= Michael Putney =

Michael Putney (born December 16, 1940, in New York City) is a senior political television reporter and columnist, based in Miami, Florida, United States. Putney is the winner of two Emmy Awards.

==Early life and education==
Putney was born in New York City but raised in St. Louis. At the age of 14, he and his family moved to Berkeley, California. He attended Berkeley High School and upon graduating went to Deep Springs College in California. After his two years there, he obtained his BA in English Literature from the University of Missouri. He then went on the get his master's degree at the University of Missouri.

==Career==
Putney began his career in journalism in 1966 as a radio reporter and later as a news director at KCGM in Columbia, Missouri. In 1970, he moved to Washington, DC to work for The National Observer as a general arts writer and then eventually worked his way up to becoming general assignment reporter and national feature writer.

Putney's television career in South Florida began in 1981 at WTVJ, which at the time was a CBS affiliate.
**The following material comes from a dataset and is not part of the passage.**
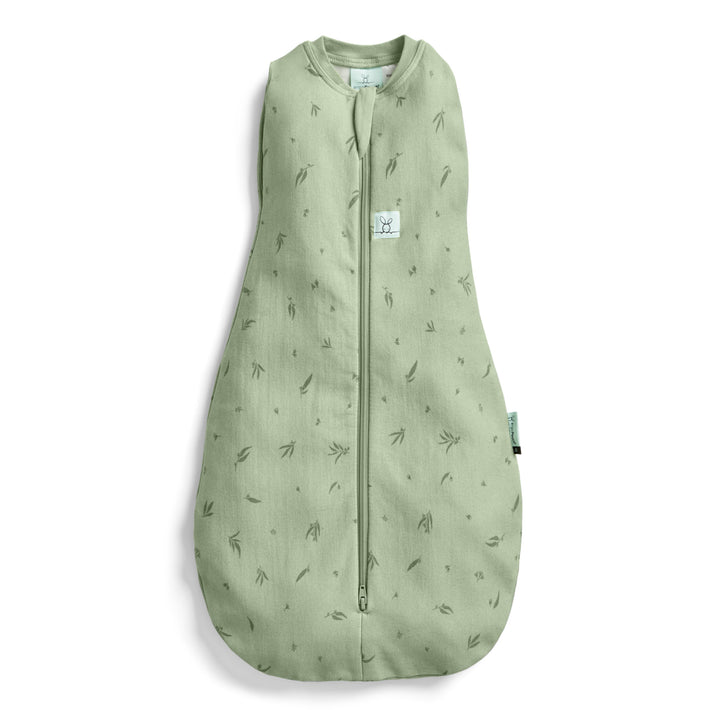 ergoPouch Cocoon Zip Swaddle Bag 0.2 TOG - Willow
At WTVJ, he worked as a reporter emphasizing on government and politics, becoming weekend co-anchor in 1986. In 1989, he joined WPLG, which at the time was an affiliate of ABC, to become senior political reporter and host of "This Week In South Florida with Michael Putney."

Putney also writes a semimonthly column on politics for The Miami Herald, and has reported for National Observer (United States) and Time.

The State Supreme Court appointed Putney to the Florida's Judicial Management Council.

Putney retired from WPLG on December 18, 2022, after hosting This Week in South Florida almost every Sunday for the prior 33 years since the show's premiere broadcast.